Friday, March 02, 2007


Blood Diamond ... Finally ****
You had me at Leonardo diCaprio with a Seth-Efricen accent …

Director: Edward Zwick
Writer: Charles Leavitt
Stars: Leonardo diCaprio, Djimon Hounsou, Jennifer Connolly


“Every time we discover something of value in Africa, the locals die,” a delegate announces grimly at an international conference on the ‘blood diamond’ trade, before listing them to make his point: “Gold, ivory, diamonds …” As an African cronie in the middle of a civil war wryly observes, “Let’s hope they don’t discover oil here. Then we’d really have problems.”

But, as the movie unflinchingly shows, the locals have quite enough problems, thank you very much. From boys being stolen from their families, dosed up on drugs and heavy metal music, handed a gun and taught how to use it, to villages being razed and their inhabitants mutilated, Zwick bravely and graphically shows just why colonialism was a bad idea (because, two hundred years down the track, it leads to this). Of course, this is a Hollywood movie, and we need a Hollywood protagonist if we are to truly feel anything for these people (a lesson learned through trial and error and Hotel Rwanda), so in stalks diCaprio’s former mercenary, a man who could give Daniel Craig’s superbly tough Bond a run for his money (and he has a waaay cooler accent). Danny Archer is brittle, amoral and unsqueamish, and the film lifts itself above being another action movie with a conscience by deftly showing his character arc. Connolly, working hard enough already with a two-dimensional, over-eager, oh-we’ve-seen-this-twenty-zillion-times-before American journalist, completely forgets to fancy diCaprio and their chemistry fizzles. But it doesn’t really matter, as their romance is peripheral to the real plot: that of Danny and Solomon (Hounsou)’s search for a mysterious pink diamond.

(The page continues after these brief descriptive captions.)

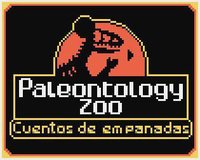 Paleontology Zoo screenshot, image №2332038 - RAWG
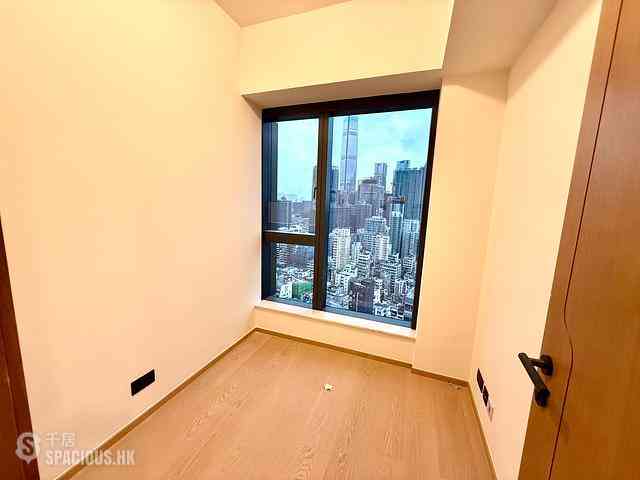 Jordan - Topside Residences 10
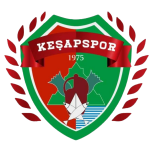 Keşapspor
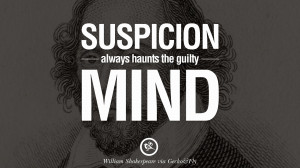 ... . William Shakespeare Quotes About Love, Life, Friendship and Death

Although diCaprio puts in a great performance and a believeable (if occasionally wavering) accent, the show belongs to Hounsou, who is all subtle emotion and raw endings. In one particularly memorable scene, where he has to reverse the brainwashing of his teenage soldier-son, there is such panic and love in his eyes it’s all you can do to stay silent to hear what he’s saying (I was sharing the cinema with one inconsiderate patron who just didn’t – she started yelling things at the screen. A couple behind me were weeping loudly).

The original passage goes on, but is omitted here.